MATERIAL PROVIDED -
= = =

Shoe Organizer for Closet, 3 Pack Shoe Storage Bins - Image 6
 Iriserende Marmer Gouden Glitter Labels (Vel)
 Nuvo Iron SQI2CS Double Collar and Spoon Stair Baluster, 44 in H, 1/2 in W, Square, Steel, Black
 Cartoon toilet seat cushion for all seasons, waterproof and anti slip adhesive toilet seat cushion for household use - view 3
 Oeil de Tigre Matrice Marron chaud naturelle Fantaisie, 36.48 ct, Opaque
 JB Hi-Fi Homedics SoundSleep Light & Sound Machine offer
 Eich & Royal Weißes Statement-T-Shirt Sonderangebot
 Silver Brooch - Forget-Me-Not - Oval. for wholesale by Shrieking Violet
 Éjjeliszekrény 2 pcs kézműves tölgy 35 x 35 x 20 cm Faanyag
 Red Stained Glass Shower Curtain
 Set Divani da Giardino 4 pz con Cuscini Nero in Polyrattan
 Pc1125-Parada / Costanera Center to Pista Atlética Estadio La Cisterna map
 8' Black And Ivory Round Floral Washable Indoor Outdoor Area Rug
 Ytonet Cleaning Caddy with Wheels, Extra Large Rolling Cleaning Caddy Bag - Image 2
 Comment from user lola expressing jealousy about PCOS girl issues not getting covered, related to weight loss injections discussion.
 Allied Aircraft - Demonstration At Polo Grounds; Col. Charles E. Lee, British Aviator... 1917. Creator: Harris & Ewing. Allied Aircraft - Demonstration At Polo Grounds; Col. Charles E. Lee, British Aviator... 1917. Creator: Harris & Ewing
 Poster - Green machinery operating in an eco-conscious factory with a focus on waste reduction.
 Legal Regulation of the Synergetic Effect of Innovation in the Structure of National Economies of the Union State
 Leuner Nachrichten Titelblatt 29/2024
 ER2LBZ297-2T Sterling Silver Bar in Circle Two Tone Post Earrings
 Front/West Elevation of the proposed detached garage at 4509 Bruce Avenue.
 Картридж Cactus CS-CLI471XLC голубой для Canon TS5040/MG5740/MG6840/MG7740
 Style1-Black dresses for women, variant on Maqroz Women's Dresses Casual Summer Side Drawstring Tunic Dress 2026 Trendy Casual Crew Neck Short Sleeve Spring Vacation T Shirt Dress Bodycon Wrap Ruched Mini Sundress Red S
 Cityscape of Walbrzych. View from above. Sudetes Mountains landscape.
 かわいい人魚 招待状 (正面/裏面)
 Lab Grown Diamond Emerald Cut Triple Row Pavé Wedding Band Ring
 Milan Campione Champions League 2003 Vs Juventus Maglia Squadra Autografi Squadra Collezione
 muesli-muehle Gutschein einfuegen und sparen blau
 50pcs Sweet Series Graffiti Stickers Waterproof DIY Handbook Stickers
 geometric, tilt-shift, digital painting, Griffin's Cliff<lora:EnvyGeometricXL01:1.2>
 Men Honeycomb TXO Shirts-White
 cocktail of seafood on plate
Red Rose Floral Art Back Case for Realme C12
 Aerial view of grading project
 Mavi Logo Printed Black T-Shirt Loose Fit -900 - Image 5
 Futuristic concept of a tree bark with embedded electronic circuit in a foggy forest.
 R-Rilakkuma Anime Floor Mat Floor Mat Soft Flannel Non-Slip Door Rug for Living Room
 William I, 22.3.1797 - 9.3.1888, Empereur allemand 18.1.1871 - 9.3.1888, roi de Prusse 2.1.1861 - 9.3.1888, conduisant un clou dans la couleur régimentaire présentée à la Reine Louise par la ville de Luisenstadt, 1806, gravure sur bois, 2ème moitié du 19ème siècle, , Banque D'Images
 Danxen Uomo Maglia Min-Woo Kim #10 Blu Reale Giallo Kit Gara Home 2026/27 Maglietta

= = =

WHAT TO WORK ON -
Please, from the entries above, set down exactly the lines from the one containing "かわいい人魚 招待状 (正面/裏面)" through the one containing "Mavi Logo Printed", and only those.

RESULT FOR THIS EXERCISE -
 かわいい人魚 招待状 (正面/裏面)
 Lab Grown Diamond Emerald Cut Triple Row Pavé Wedding Band Ring
 Milan Campione Champions League 2003 Vs Juventus Maglia Squadra Autografi Squadra Collezione
 muesli-muehle Gutschein einfuegen und sparen blau
 50pcs Sweet Series Graffiti Stickers Waterproof DIY Handbook Stickers
 geometric, tilt-shift, digital painting, Griffin's Cliff<lora:EnvyGeometricXL01:1.2>
 Men Honeycomb TXO Shirts-White
 cocktail of seafood on plate
Red Rose Floral Art Back Case for Realme C12
 Aerial view of grading project
 Mavi Logo Printed Black T-Shirt Loose Fit -900 - Image 5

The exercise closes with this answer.